Mi vecina ha llamado esta mañana a mi puerta, sigilosamente, como cada vez que sube para pedir algún favor. Desde que vino la pandemia, no levanta cabeza. En todas las casas donde iba a limpiar y los ancianos a los que cuidaba le dijeron que no fuera más porque les daba miedo el coronavirus. Los días más duros de la pandemia se los pasó en casa llamando a todos los servicios sociales habidos y por haber, sin que ni siquiera le levantaran el teléfono. Se recorrió todos las parroquias, todas las asociaciones y todas las despensas solidarias que había por la zona para poder comer.
“No sabes la vergüenza que paso mientras me llega el turno para que me den un paquete de macarrones, una latita de tomate frito, un litro de azúcar y cuatro cajas de leche”, me dijo un día abajo mientras le sujetaba la puerta. Ese día fue el día que me enteré que mi vecina, rubia, guapa, bien hablada, educada y con su casa reluciente, era eso que llaman pobres y que no ven los dirigentes del PP.
Mi vecina se llama María y tiene un hijo con 12 años, a dieta desde que tiene 10 porque vive con el hígado inflamado debido a que come demasiada pasta, arroces, carnes magras y poca fruta, verdura y pescado. El único pescado que su madre le puede comprar de vez en cuando es el panga, que sabe a plástico y se deshace en la sartén.
El hijo de María estudiaba muy bien y sacaba muy buenas notas, hasta que su madre empezó a descender por el infierno de la pobreza y pasó de ser un niño a un adulto que tranquiliza a su madre cuando la ve derrotada. “No te preocupes, mamá, que ya verás que pronto salimos de esta”.
María antes trabajaba de camarera de piso y, aunque tampoco podía irse de vacaciones, al menos iba al supermercado y se ahorraba la vergüenza de tener que hacer cola para que le den dos paquetes de macarrones, un paquete de tomate frito y cuatro cajas de leche. En estos dos años, María ha hecho todos los trabajos que ha podido. Siempre sin dar de alta: cuidar a ancianos, pintar casas, limpieza, vender helados en la playa y hasta vender tabaco clandestino.
En el último trabajo que tuvo, cuidando ancianos y limpiando, la llamaban criada en su cara y agachaba su cabeza y seguía porque cuando pensaba en irse se acordaba del hígado de su niño. Mientras atravesaba trabajos humillantes donde por trabajar mañana y tarde le pagaban 500 euros, los servicios sociales seguían sin cogerle el teléfono. Un ataque de ansiedad la llevó en ambulancia al hospital y desde hace dos meses espera cita para que la atienda un psicólogo de la sanidad pública. Mientras tanto, la tienen “acarajotá perdía”.
Después de año y medio presentando papeles, reclamando y yendo a la a todas las administraciones, donde un funcionario le llegó a preguntar si no le daba vergüenza no trabajar, por fin le vino concedido el Ingreso Mínimo Vital. 667 euros para ella y su hijo, para pagar luz, teléfono, alquiler, comida, ropa, zapatos, comunidad y una lavadora que se le ha roto este mes y que la ha tenido subiendo a lavar a mi casa. “Hijo que me vergüenza me da subir, pero es que no tengo manera de lavar la ropa”.
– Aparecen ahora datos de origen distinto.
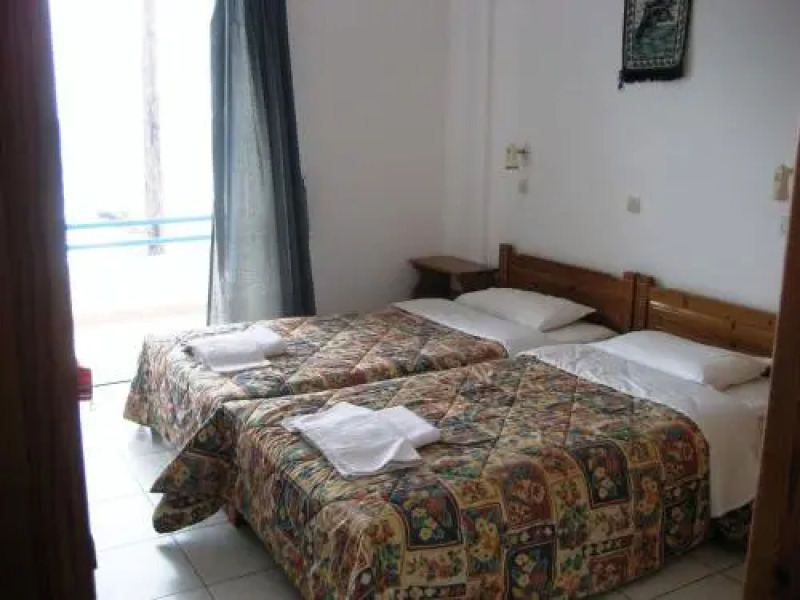 Haris Studios & Apartments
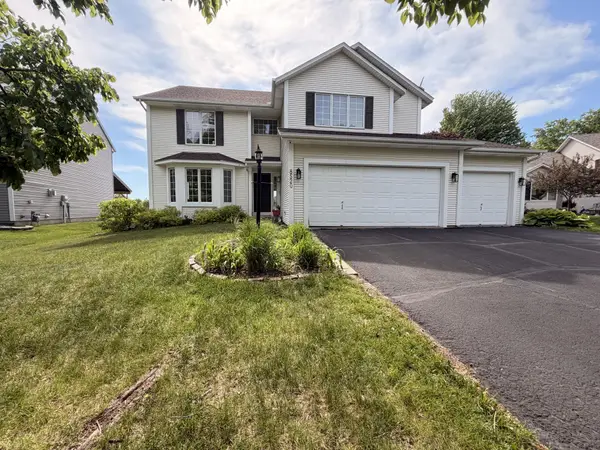 8520 Jorgensen Avenue S, Cottage Grove, MN 55016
La palabra que más pronuncia María es “vergüenza”, porque los pobres no salen en la tele, no son protagonistas de los discursos oficiales, no lucen bonitos y no ocupan el papel protagonista de nada que se pueda mostrar. Los pobres han desaparecido del espacio público y los hemos enviado a las periferias, por eso no los vemos, por eso pensamos que es imposible que debajo de nuestra bloque haya una madre que manda a su niño con los zapatos rotos al colegio.
La invisibilidad de los pobres cumple una función social: hacerlos creer que la situación que viven es un fracaso individual y que se lo merecen. Los pobres sólo son útiles si reportan algún beneficio a los ricos, de ahí que sólo se hable de ellos en navidades cuando los usan como productos de souvenir en los rastrillos de beneficencia que organizan quienes fabrican la pobreza para poder lavarse la conciencia mientras montan el portal de Belén y amarran al balcón el trapo con el Niño Jesús en la cuna.
María y su hijo existen por miles, aunque los medios de comunicación sólo hablen de los pobres para reírse de ellos, deshumanizarlos o llamar populista a quienes los defienden. Los pobres nos incomodan porque su pobreza cuestiona nuestros privilegios y señala a quienes fabrican la pobreza, por eso hemos levantado muros invisibles que dividen las ciudades, los barrios y los países hasta hacer desaparecer a los pobres del relato público, de los informativos, de las páginas de los periódicos, del cine, de la literatura y de las instituciones. En la lucha contra la pobreza, van ganando los que quieren eliminar a los pobres.